Communities of practice: reification

Dorine asked: Do Wenger et al. also outline some ideas on HOW to bring balance to situations where there is too much emphasis on reification?

I'm very scared that I interpret the theory differently as intended summarizing it so much :), so her question gives me the opportunity to explain more as I read it. Wenger writes in communities of practice, meaning, learning and identity:

Reification can take a great variety of forms: a fellting smoke signal or an age-old pyramid, an abstract formula or a concrete truck, a small logo or a huge information-processing system, a simple word jotted on a page or a long silence, a private knot on a handkerchief or a controversial statue on a public square, an impressionist painting of a butterfly or a scientific specimen in an entomological collection. What is important about all these objects is that they are only the tip of an iceberg......

An an evocative shortcut, the process of reification can be very powerful...

But the power of reification- its succinctness, its portability, its potential physical persistence, its focusing effect - is also its danger. The politician's slogan can become a substitute for a deep understanding of and a commitment to what it stands for. The tool can ossify activities around its inertness.

I find this part very important because I have seen it happening so many times that a tool (eg. PRA tools) start leading their own life and the whole idea behind the tools and methodology is not understood.

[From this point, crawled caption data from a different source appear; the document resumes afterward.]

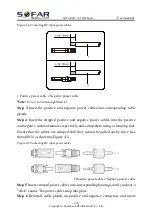 Предварительный просмотр 29 страницы Sofarsolar SOFAR 10.5KTLM-G3 User Manual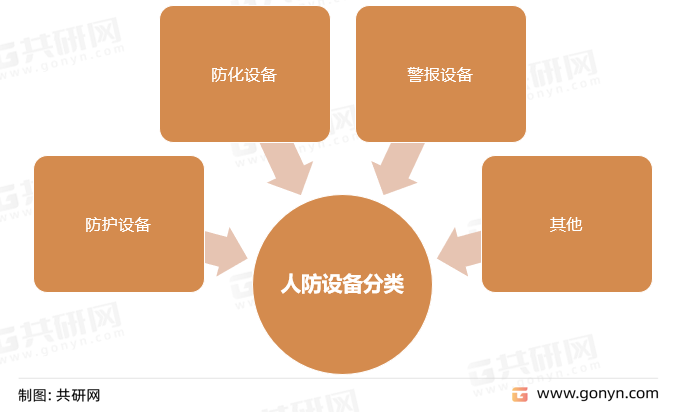 人防设备分类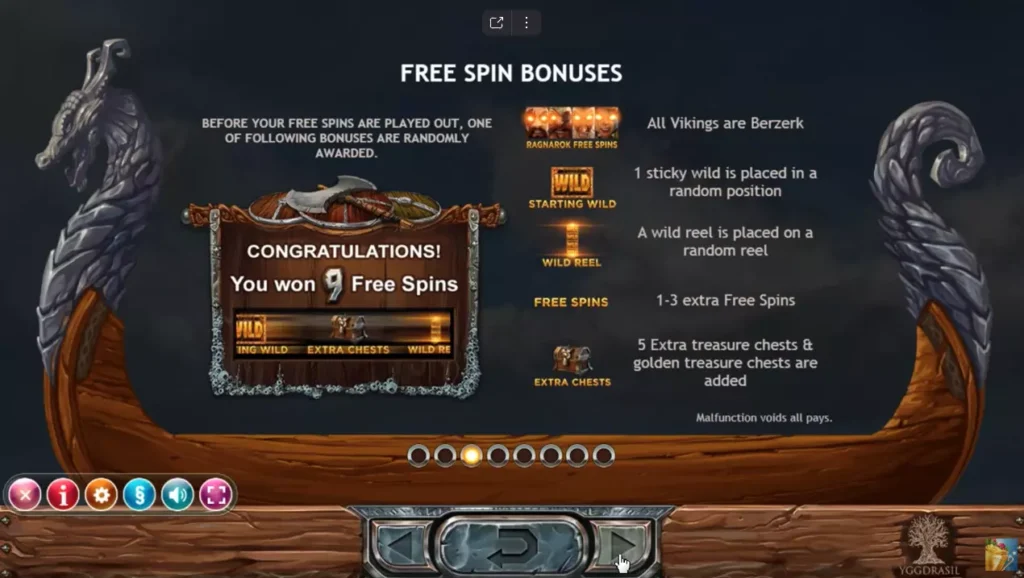 Характеристики слота Vikings Go Berzerk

For people who do not possess sufficient knowledge and skills about a topic, tools are very appealing and gives them something to hold onto. But the danger is that they do not understand the deeper levels of practice. So tools can never replace a thorough understanding and knowledge of a subject. And the development arena seems to be particularly fond of tools and toolbooks. (what a great opportunity to get this out!!). To answer the question: so reification is never a substitute for connecting people in practice and this may often mean working together or allowing people to come in an observe and observe.

Another example: at my posting about my daughter's school exercise there was a comment to add it as a good reason for homeschooling. Whereas I'm a big fan of the Dutch schoolsystem and would never be in favour of homeschooling!